*** Block opens ***

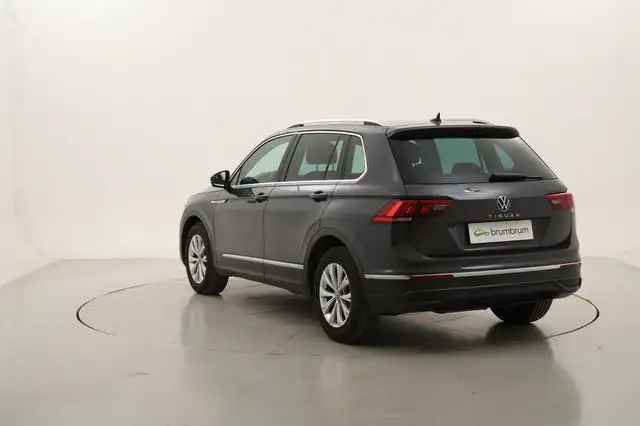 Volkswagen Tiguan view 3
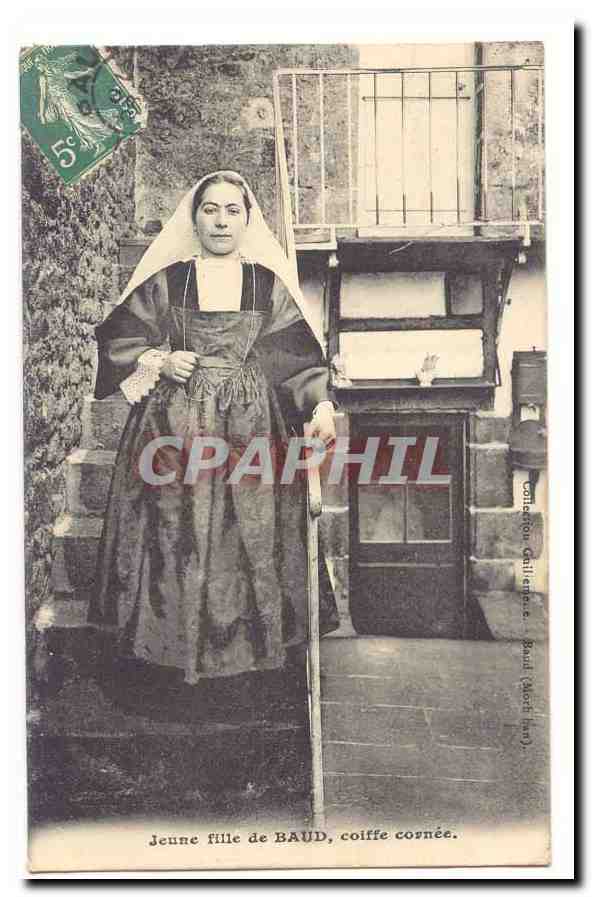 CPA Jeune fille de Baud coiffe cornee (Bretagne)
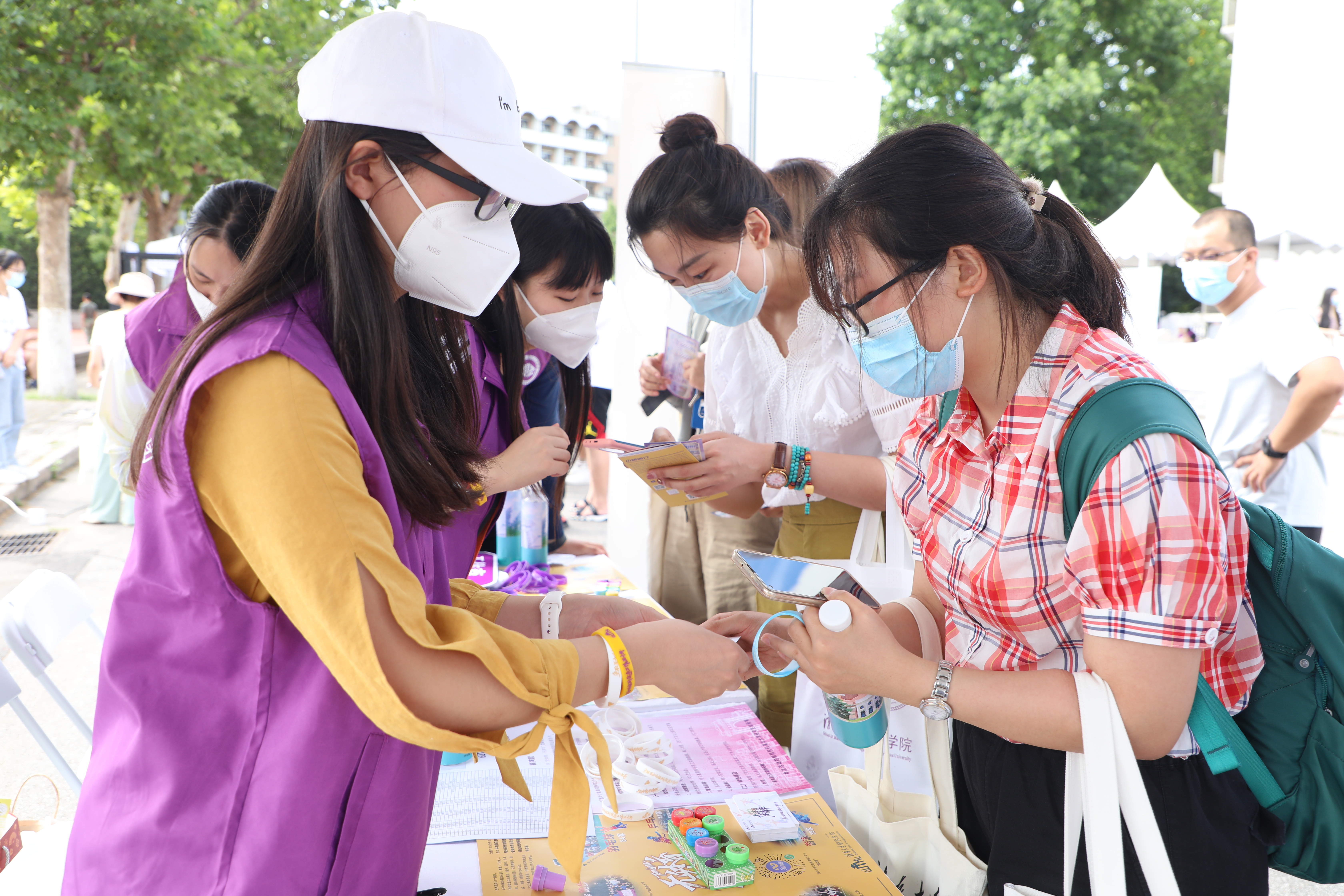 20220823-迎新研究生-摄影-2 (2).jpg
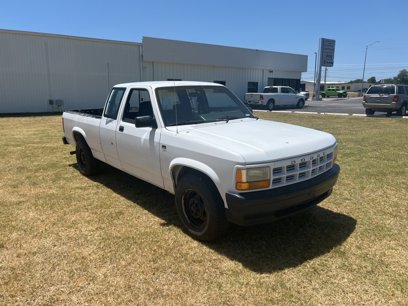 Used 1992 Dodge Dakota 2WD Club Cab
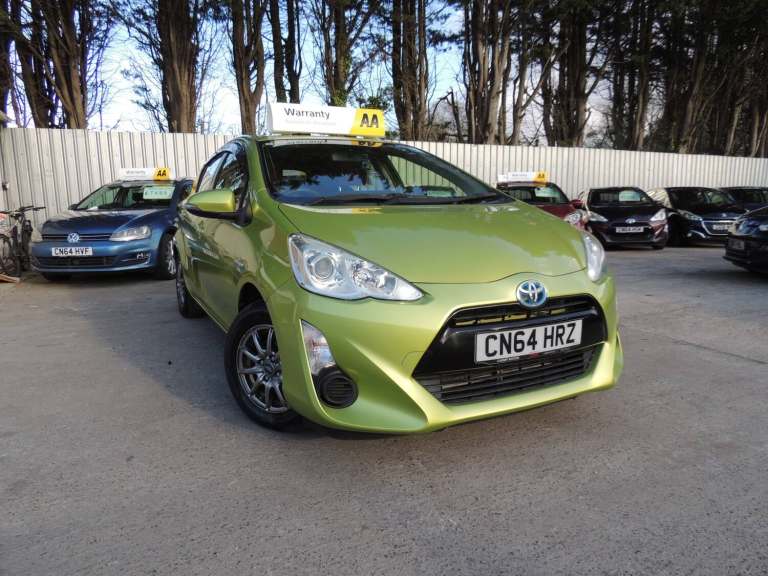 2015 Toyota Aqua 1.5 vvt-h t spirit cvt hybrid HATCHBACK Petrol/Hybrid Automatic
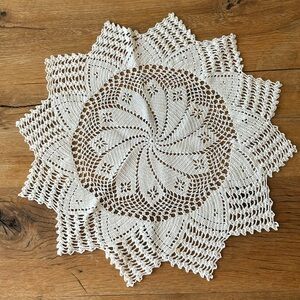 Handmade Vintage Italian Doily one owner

*** Block closes ***

:: Goal of the exercise ::
Output all the entries exactly, minus any pictures.

:: Output of the exercise ::
 Volkswagen Tiguan view 3
 CPA Jeune fille de Baud coiffe cornee (Bretagne)
 20220823-迎新研究生-摄影-2 (2).jpg
 Used 1992 Dodge Dakota 2WD Club Cab
 2015 Toyota Aqua 1.5 vvt-h t spirit cvt hybrid HATCHBACK Petrol/Hybrid Automatic
 Handmade Vintage Italian Doily one owner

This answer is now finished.